The Fifth Royal Historian
John Fricke looks briefly at the writing career of author Rachel R. Cosgrove (later Rachel Cosgrove Payes) subsequent to her publication of The Hidden Valley of Oz. Includes a couple of substantial quotes.
Rachel Cosgrove in Oz
Edward Wagenknecht takes a look at The Hidden Valley of Oz on its twentieth anniversary and comes away impressed.
Dirk Gringhuis
Fred M. Meyer presents a brief biographical sketch of the illustrator credited only as “Dirk.” Includes a new quote from the artist, as well as a special new illustration for the Bugle.
Bibliographia Baumiana
Dick Martin collates bibliographical data about the early printings of Baum’s non-Oz books. This installment focuses on L. Frank Baum’s Juvenile Speaker and Baum’s Own Book for Children. A revised and expanded examination would later be published in the Winter 1996 issue.
A Magnetic Personality
A reproduction of one installment of L. Frank Baum and Walt McDougall’s Queer Visitors from the Marvelous Land of Oz newspaper comic page in 1905.
The Writing of Two L. Frank Baum Fantasies
Using newly discovered correspondence between Baum and his publishers, in 1912, as his basis, David L. Greene reveals hitherto unknown aspects of the creation of The Patchwork Girl of Oz and John Dough and the Cherub.

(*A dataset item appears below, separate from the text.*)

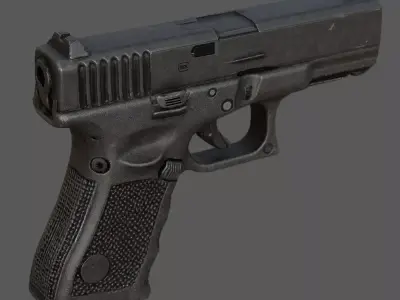 Glock 19 Gen 5  Realistic 3D Model  4K PBR Textures Game Ready  Low-poly 3D model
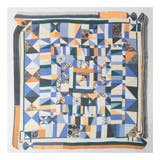 【O】 | 90x90cmサイズ ヴィンテージ風サテン生地スカーフ | JULIA BOUTIQUE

Bibliographia Pseudonymiana
Douglas G. Greene collates bibliographical data about the early printings of Baum’s works published under a pseudonym. This installment focuses on “Floyd Akers’s” The Boy Fortune Hunters in Alaska.
The Meaning of “Oz”
Jay Delkin looks at the changing nature of the famous word within Baum’s own books, where, of course, it was originally used to designate the Wizard, not the country he governed (which was, instead, far more literally “the land of Oz”).